The rest of the afternoon was subdued, and people were quick to listen to what I asked, and responding the first time, instead of the typical 5th or 6th time.

I have very mixed emotions today, about how I handled all of this.  I have to admit I’m human and that there is a limit to my patience and my ability to manage this family.  But I’m sorry I reached it, and that my children paid a little bit of a price, and they did feel a little sad and maybe a little worried about what was going to happen next.  I’m glad I had the self-control to stop myself before I said something to my husband or kids that I could never take back.   I’m sorry there are children out there, far too many children, who do truly suffer at the hands of parents or caregivers who weren’t able to find a way to stop themselves before they lose control of their tempers.
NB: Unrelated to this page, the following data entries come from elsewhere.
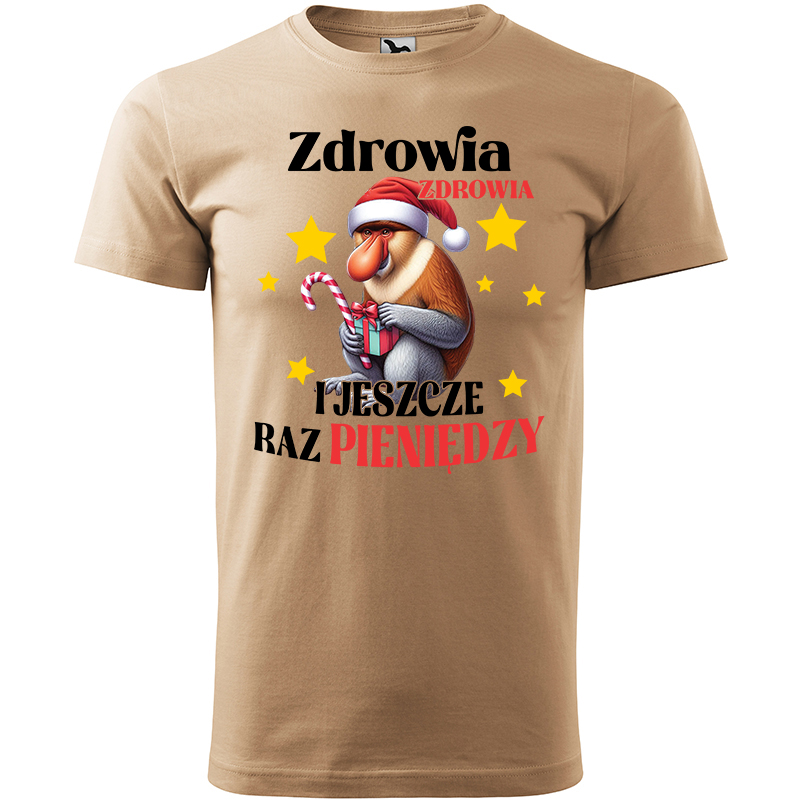 Zdrowia, Zdrowia i jeszcze raz pieniędzy koszulka męska kolor koszulka piaskowy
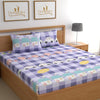 Dreamlet Prime Collections 180tc Pure Cotton Breathable Supersoft Wrinkelfree Double Flat Bedsheet With 2 King Size Pillow Covers | Purple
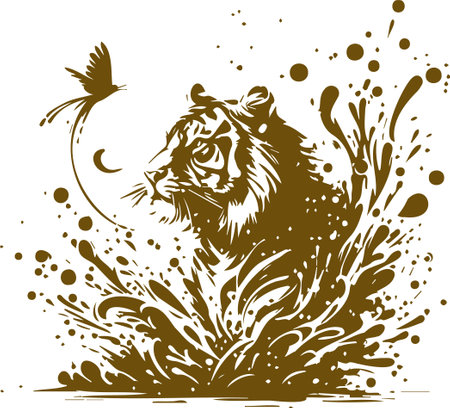 Grunge vector illustration of a tiger head with splash and butterflyのイラスト素材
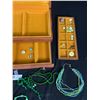 Image 2 : Dove Tailed Wood Jewelry Box with Contents Including Wild Tribe Necklaces.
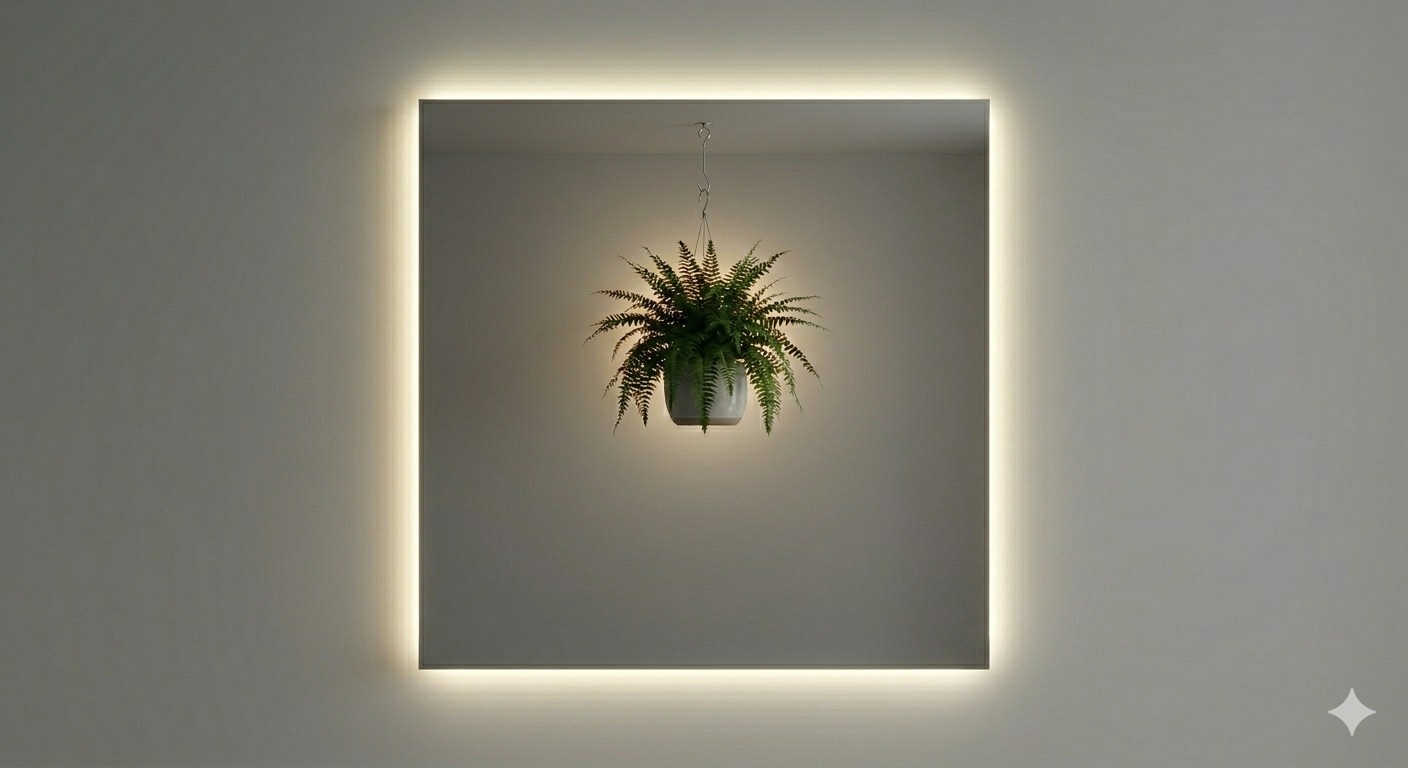 ESPEJO CUADRADO 0.80X0.80 LED ATRAS 5MM ANTIVAHO DOBLE TOUCH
After a little time away, knowing my children were safe and sound with their father, a little time to rest and get perspective, and I was ready to go again.  We took a little walk last night, and everyone apologized to everyone else for our various mistakes and missteps.

As I have said many times, this life really does take endurance.  I must remember to pace myself, physically and emotionally, so that I can be in it for the long haul.  I will remember to ask for help, and not push away the one person I probably need the most when the going gets really tough.  I don’t want to be a single mom, and I hate that just when I clearly do need him the most, I tend to be the hardest on my patient husband.

I get one chance to raise these children, and I know it’s my privilege to be their mom.  Some days, it’s just not easy.


One Response to “Crash. Burn.”

  1. Kellie LInden Says:

    Very well done Ellen, thanks for sharing! You are a wonderful mom. The years of raising children go by so fast, but sometimes when you are in the trenches it doesn’t seem to be flying by! Congratulations for completing your degree that is quite the achievement when you have a family, work and school going on all at the same time! Job well done!